The average per capita income of the richest countries was 11 times that
of the poorest countries in 1870, 38 times in 1965 and 58 times in 1985.
According to the 1997 UN Human Development Report, the combined wealth
of the 225 richest people in the world was more than $1.7 trillion, which
is equal to the annual income of some 2.5 billion people, or 47% of the
world's population. The wealth of just one man, Bill Gates, is enough to
achieve and maintain universal access to basic education and health care,
safe water and sanitation for the entire world.
The WTO was set up in 1995 as the world body to police trade “liberalisation”
- the removal of barriers to imports and foreign investment, as well as
measures to protect domestic industries and jobs.

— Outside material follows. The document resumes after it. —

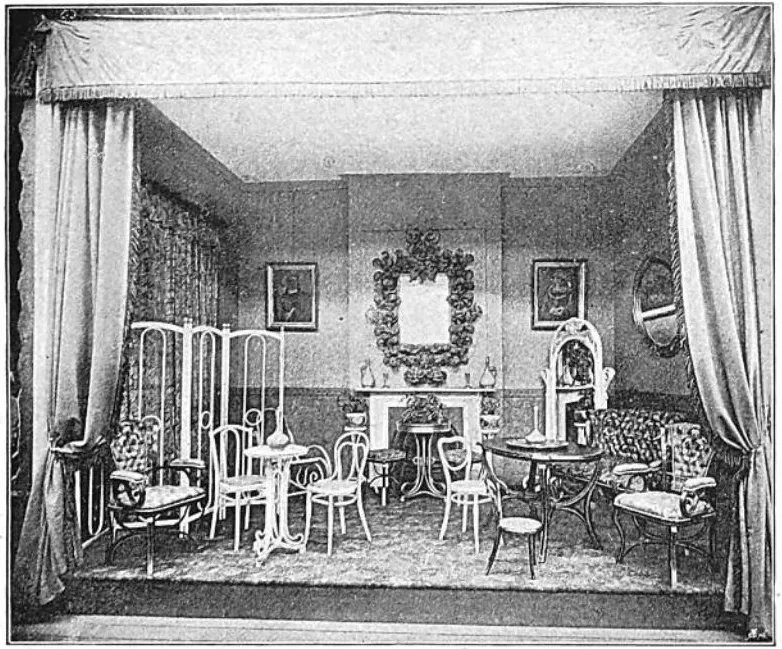 Black-and-white photograph of an exhibition interior showing bentwood chairs, tables, and furniture by Gebrüder Thonet, displayed with curtains, a fireplace, and decorative mirrors at the 1851 London World Exhibition.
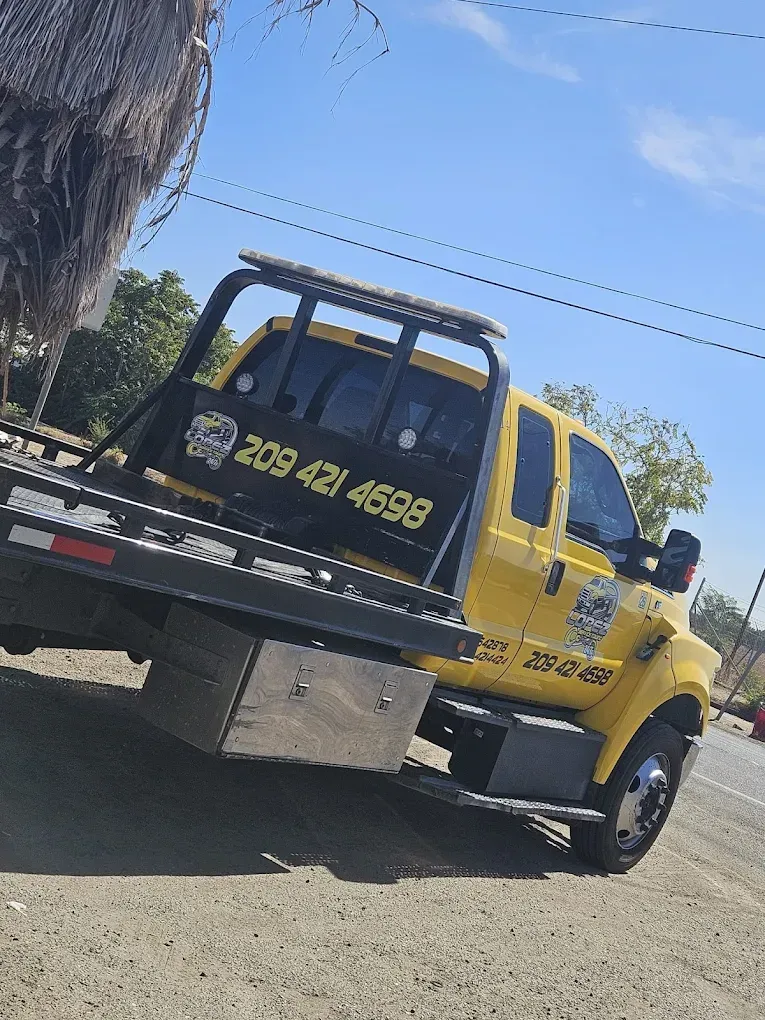 A bright yellow flatbed work truck parked on a gravel lot under a clear sky, showing its phone number on the side.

The WTO can rule that environmental or health regulations are “barriers”
to trade. Countries that do not participate in the WTO are denied access
to markets. Punitive economic sanctions can be imposed on countries that
do not comply with agreements.
However, the mutual opening of markets always hurts the weakest economies.
The historical subjugation of Third World economies to the corporate elite
of the rich Western countries has left the former with lower labour productivity
rates and outdated technology, problems that cannot be overcome without
a major restructuring of the world economy based on putting social needs
ahead of corporate profits.
From Green Left Weekly, November 13, 2002.